Data section START

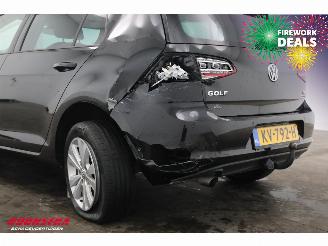 Volkswagen Golf 1.0 TSI Comfortline Navi Clima Cruise Camera PDC AHK 74.205 km! picture 6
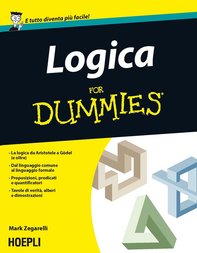 Logica For Dummies Scarica PDF EPUB
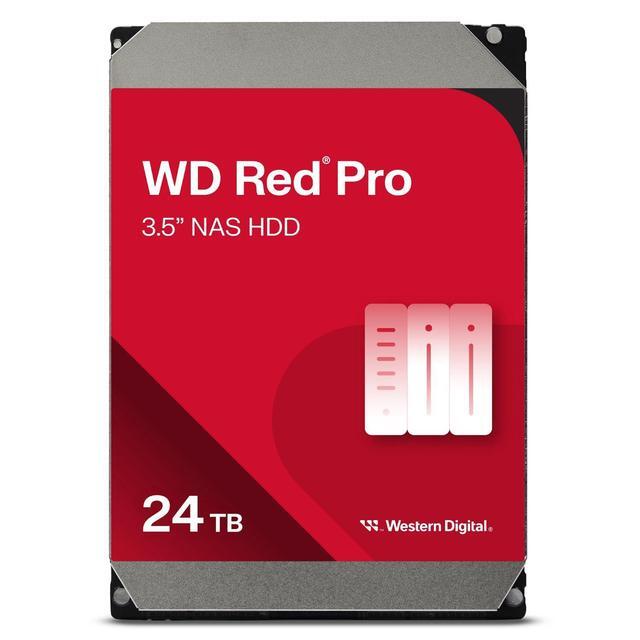 thumbnail image 2 of Toshiba S300 Pro 10TB 3.5" SATA 7200RPM Internal Hard Drive 2 of 10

Data section END

#### Work task:
Return the lines above exactly; the images are not part of the copy.

#### Result of this task:
 Volkswagen Golf 1.0 TSI Comfortline Navi Clima Cruise Camera PDC AHK 74.205 km! picture 6
 Logica For Dummies Scarica PDF EPUB
 thumbnail image 2 of Toshiba S300 Pro 10TB 3.5" SATA 7200RPM Internal Hard Drive 2 of 10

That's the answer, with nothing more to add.